### Material shown

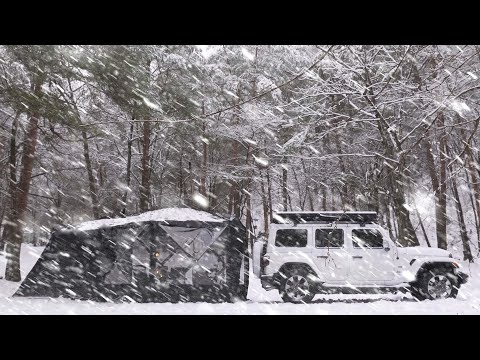 -15°C, COZY SOLO CAMPING IN A BLIZZARDㅣSnow ASMR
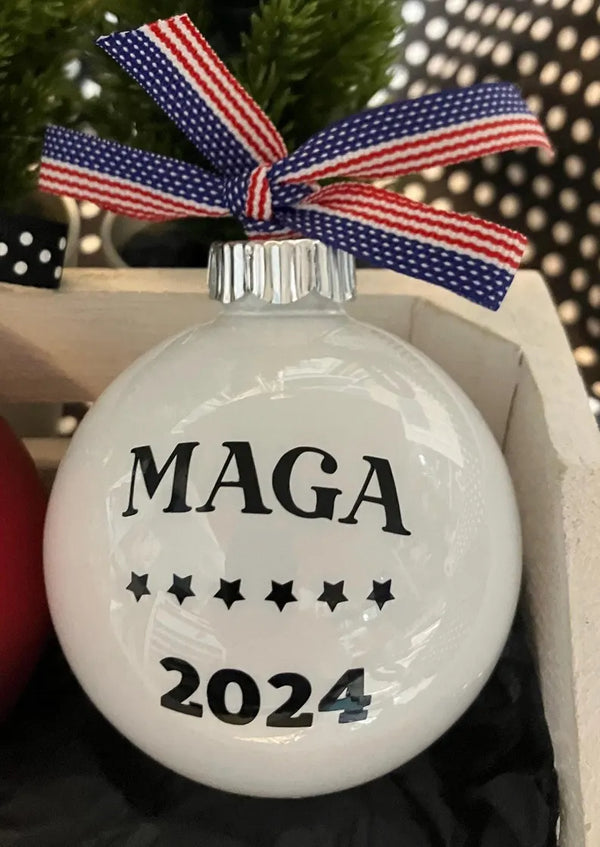 MAGA Trump 2024 Ornament, Patriotic, Donald Trump Keepsake Ornaments for Christmas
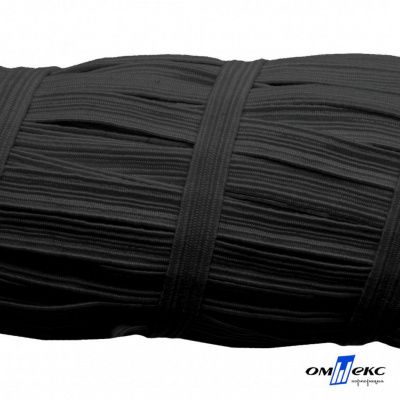 Резиновые нити с текстильным покрытием, шир. 6 мм (55 м/уп), цв.-черный - купить в Евпатории. Цена: 210.75 руб.
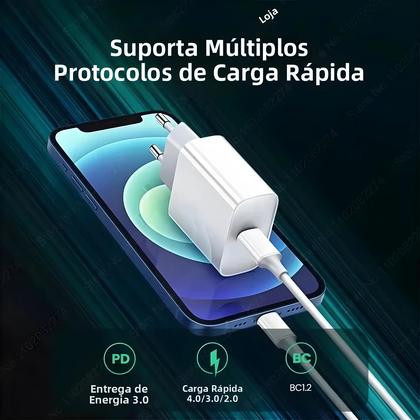 Imagem de Carregador Rápido De 40W Adaptador US EU Cabo Tipo C PD Para Apple iPhone 15 13 12 11 14 17 16 pro
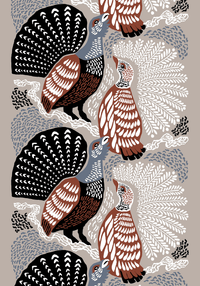 23310-42635-1060FA; Vallila Metsänvartijat-kangas 150 cm Beige / Sininen / 150 cm 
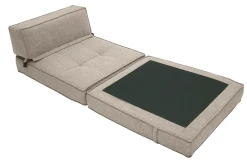 Chauffeuse 1 place convertible en tissu taupe KATY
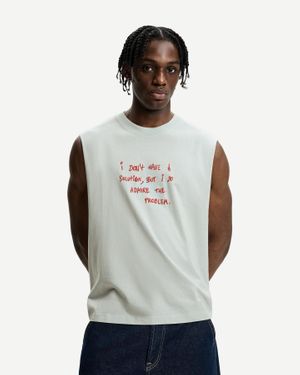 Bershka Printed Boxy-Fit Sleeveless T-Shirt - Gray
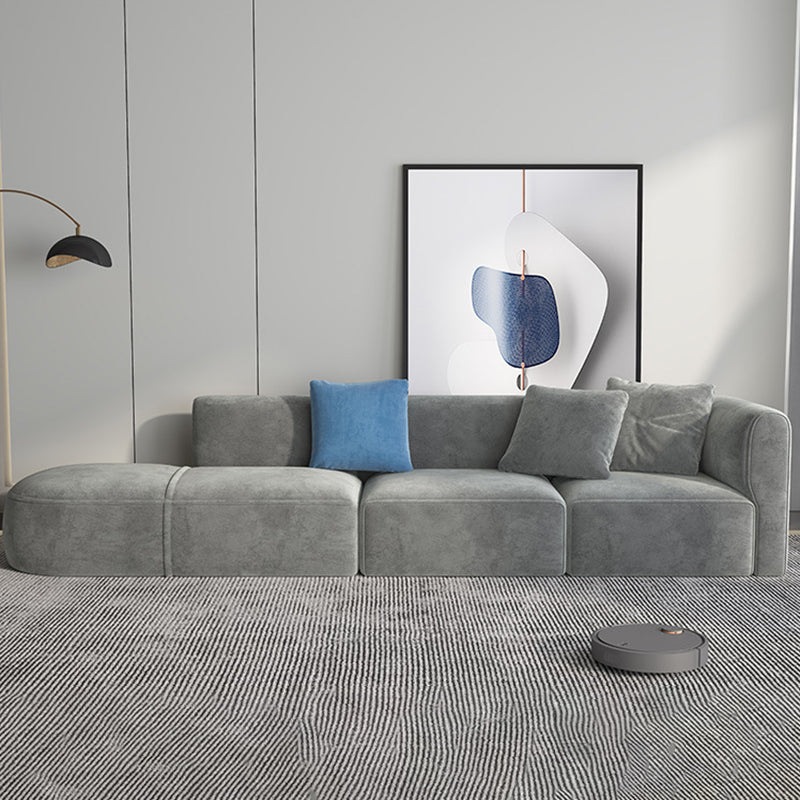 Canapé en velours gris avec chaise 68,9 "d canapé de bras carré avec oreillers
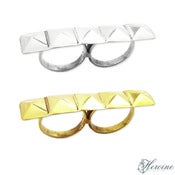 Image of Pyramid Stud Double Finger Ring Silver/Gold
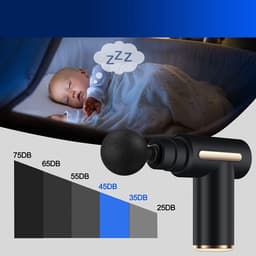 Mini Massagepistool - Handmassageapparaat Voor De Spieren - Diepweefselpercussiemassageapparaat - 4 Massagekoppen En 6 Snelheden — thumbnail 3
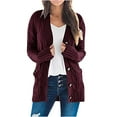 thumbnail image 1 of dazeni Cardigan Sweaters for Women Cotton Button Down Long Sleeve Knit Cardigans Lightweight Open Front Jackets with Pockets, 1 of 7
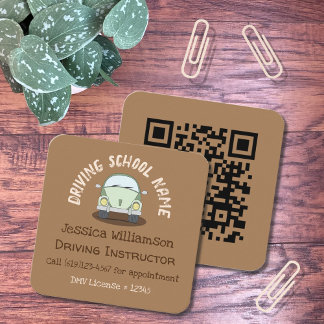 Cartoon-Fahrlehrer Brown-Visitenkarte Quadratische Visitenkarte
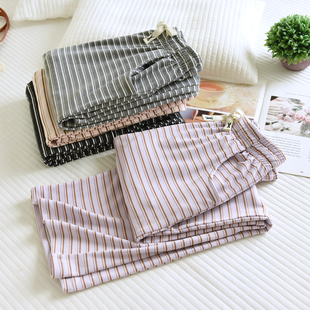 冬季女生德绒条纹睡裤女春秋季厚款宽松休闲长裤家居裤有口袋外穿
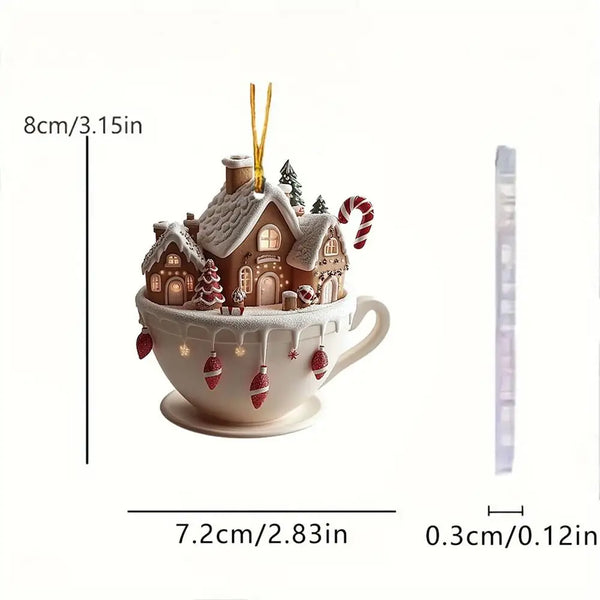 Christmas Coffee Cup Ornaments Coffee Mug Decorative Tree Hanging 2025 Xmas Navidad 2026 New Year Easter Bunny Party Supplies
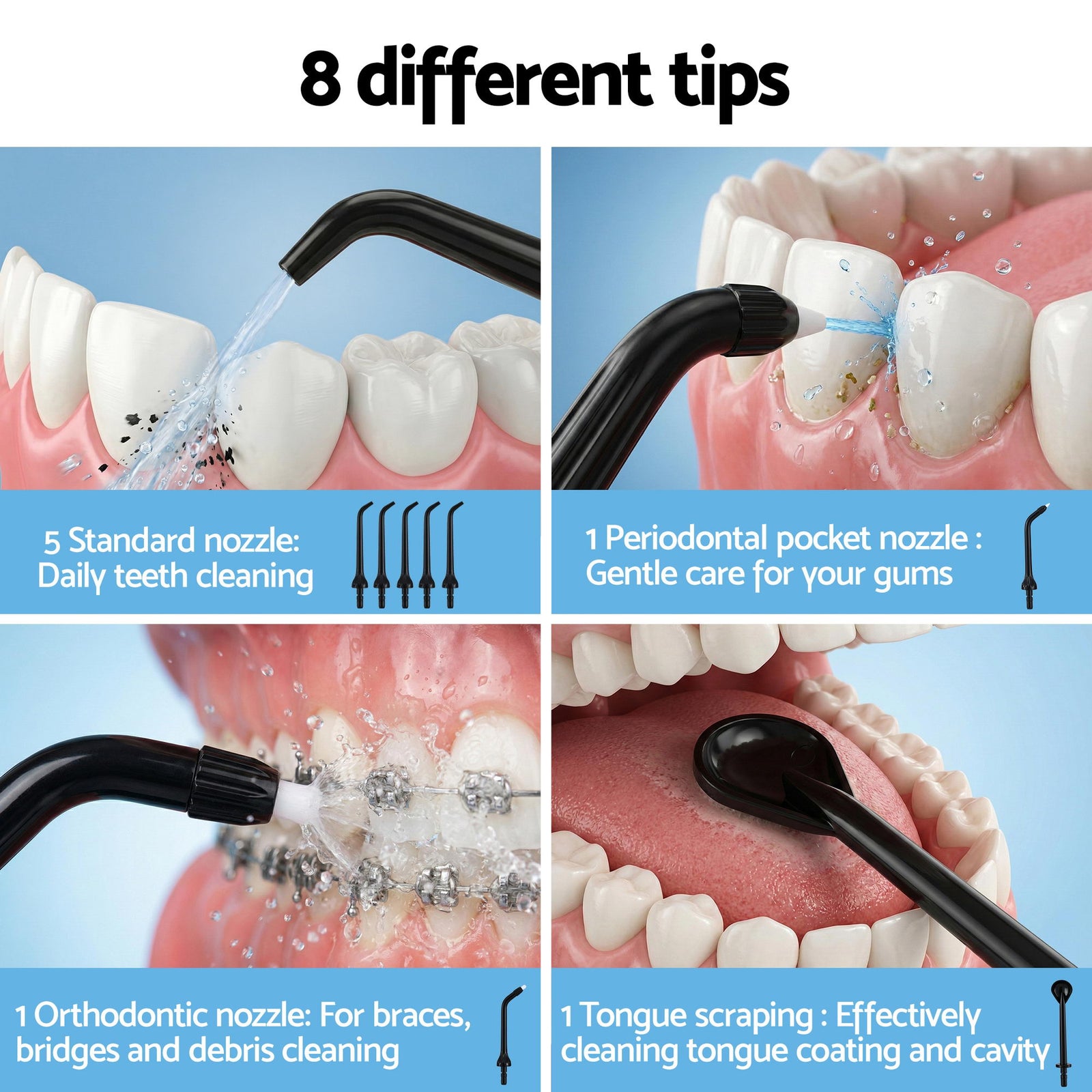 Cordless Water Flosser Dental Oral Irrigator Black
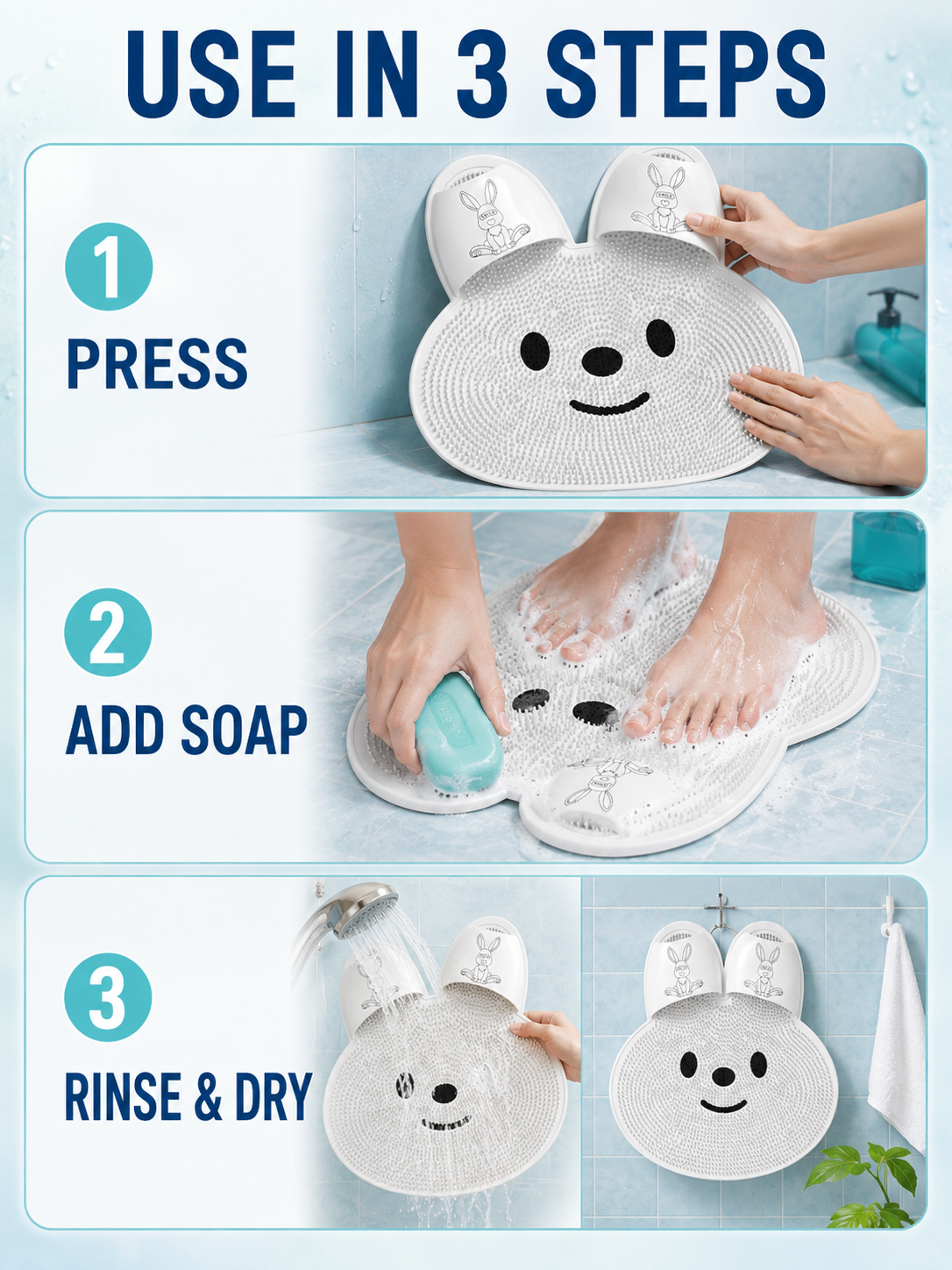 🦶🫧 Foot Cleaning Mat 🐰 Soft Silicone Exfoliating Shower Mat with Massage Bristles & Non Slip Suction Cups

### Task description
Copy out nothing but the lines from the beginning of the records through the one that contains "Chauffeuse 1 place". Skip the pictures.

### Answer for the task
 -15°C, COZY SOLO CAMPING IN A BLIZZARDㅣSnow ASMR
 MAGA Trump 2024 Ornament, Patriotic, Donald Trump Keepsake Ornaments for Christmas
 Резиновые нити с текстильным покрытием, шир. 6 мм (55 м/уп), цв.-черный - купить в Евпатории. Цена: 210.75 руб.
 Imagem de Carregador Rápido De 40W Adaptador US EU Cabo Tipo C PD Para Apple iPhone 15 13 12 11 14 17 16 pro
 23310-42635-1060FA; Vallila Metsänvartijat-kangas 150 cm Beige / Sininen / 150 cm 
 Chauffeuse 1 place convertible en tissu taupe KATY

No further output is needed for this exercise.